Transformer SINDy-SHRED pacakge
The environment is described in pyproject.toml. To install, please run:
$ pyenv install 3.13
$ pyenv local 3.13
$ python -m venv venv
$ source venv/bin/activate
$ pip install .
.
├── apptainer
│ └── apptainer.def
├── checkpoints
├── datasets
│ ├── plasma
│ ├── sst
│ └── the_well
│ ├ active_matter
│ └ planetswe
├── figures
├── logs
├── notebooks
│ ├── ROM_plasma.ipynb
│ └── the_well.ipynb
├── pyproject.toml
├── README.md
├── scripts
│ └── main.py
├── slurms
│ └── sst.slurm
└── src
├── datasets.py
├── forecasts.py
├── helpers.py
├── __init__.py
├── models.py
├── processdata.py
└── transformer_model.py
apptainer:- Contains
apptainer.deffor creating a container on hyak.
- Contains
checkpoints:- Contains the saved models during running. Each run, we save the model with the best "validation" score as well as the "latest" model as determined by the number of epochs run.
datasets:- Please download the datsets into the respective folders, this is the expected structure.
figures:- Folder to store figures.
logs:- Folder to store logs.
notebooks:- Helpful notebooks.
ROM_plasma.ipynbis David's example of running Plasma data.the_well.ipynbis how to parse The Well's data.
- Helpful notebooks.
pyproject.tml:- Python environment file.
README.md:- This file
scripts:- Contains the primary entry-point
main.pyto training and evaluating a model.
- Contains the primary entry-point
slurms:- Contains hyak slurm files for batch runs.
src:- Contains primary package functions/code.

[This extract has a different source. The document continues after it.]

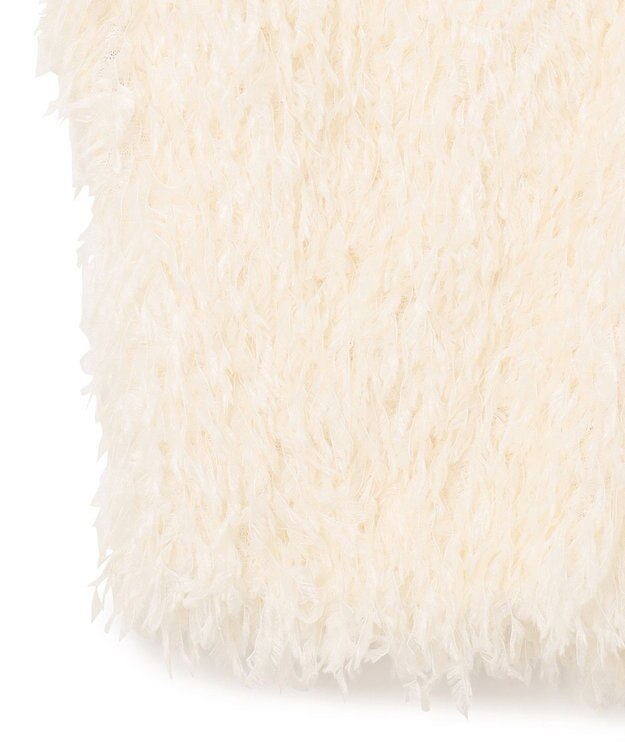 GRACE CONTINENTAL フェザーカットトップ ホワイト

To run in the command line, make sure you set up the environment as described above. Then, you can execute a command like so:
$(venv) time python -u scripts/main.py --dataset sst --encoder transformer --decoder mlp --epochs 100 --save_every_n_epochs 10 --batch_size 5 --encoder_depth 1 --window_length 10 --dim_feedforward 128 --verbose 2>&1 | tee logs/active_matter.txt
Hyak is confusing, I made a blog post about it a while back which can be used as a reference for the below commands.

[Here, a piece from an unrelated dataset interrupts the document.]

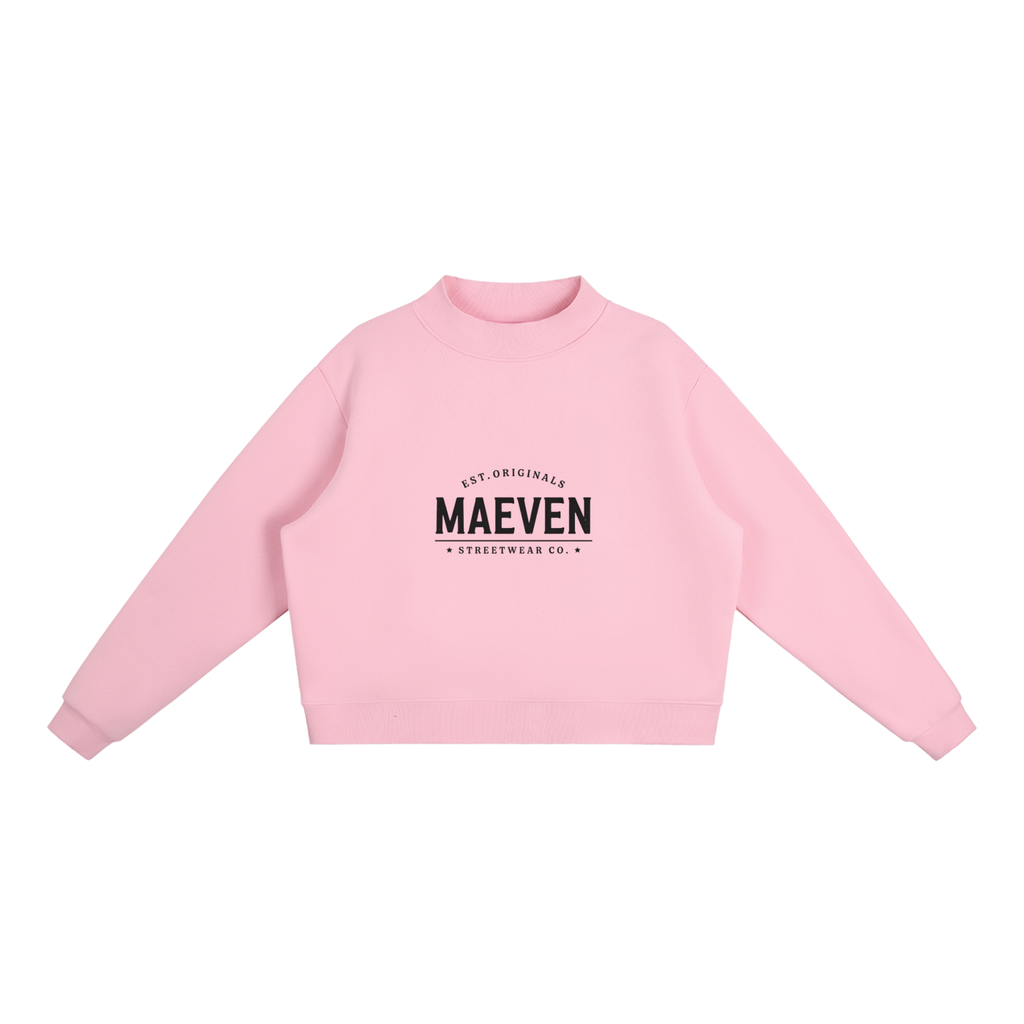 Maeven Fleece Womens Sweatshirt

To run on Hyak, you first need to build a container. Do so in an interactive session.
salloc -A amath -p gpu-rtx6k -N 1 -n 2 -c 4 -G 1 --mem=4G --time=5:00:00 --nice=0
Once you're in the interactive session, you can build the apptainer with the following command:
$ cd apptainer
$ apptainer build ./apptainer.sif ./apptainer.def
Then, you need to create a .slurm file in the slurms directory. You can use this as a template:
#!/bin/bash
#SBATCH --account=amath
#SBATCH --partition=gpu-rtx6k
#SBATCH --nodes=1
#SBATCH --ntasks=1
#SBATCH --gpus=1
#SBATCH --mem=32G
#SBATCH --cpus-per-task=1
#SBATCH --time=1-0
#SBATCH --nice=0
#SBATCH --job-name=sst
#SBATCH --output=/mmfs1/home/alexeyy/storage/r4/SINDy-Transformer/logs/sst_%j.out
#SBATCH --mail-type=BEGIN,END,FAIL
#SBATCH --mail-user=<NETID>@uw.edu
repo="<REPO>"
datasets="<DATA>"
dataset=sst
encoder=transformer
decoder=mlp
epochs=100
save_every_n_epochs=10
batch_size=5
window_length=10
dim_feedforward=128
encoder_depth=1
echo "Running Apptainer"
apptainer run --nv --bind "$repo":/app/code --bind "$datasets":'/app/code/datasets' "$repo"/apptainer/apptainer.sif --dataset "$dataset" --device cuda:0 --encoder "$encoder" --decoder "$decoder" --epochs "$epochs" --save_every_n_epochs "$save_every_n_epochs" --batch_size "$batch_size" --encoder_depth "$encoder_depth" --window_length "$window_length" --dim_feedforward "$dim_feedforward" --verbose
echo "Finished running Apptainer"
You'll have to swap out repo and datasets with the location you have your repo and datasets downloaded. Note that these both should be stored on a /gscratch folder so that it doesn't take up the 10G maximum storage in home directories. Also, you'll have to download/upload the datasets to your datasets folder.
Also, change the above email to your UW email.
Then, you can run the code with sbatch <filename>.slurm!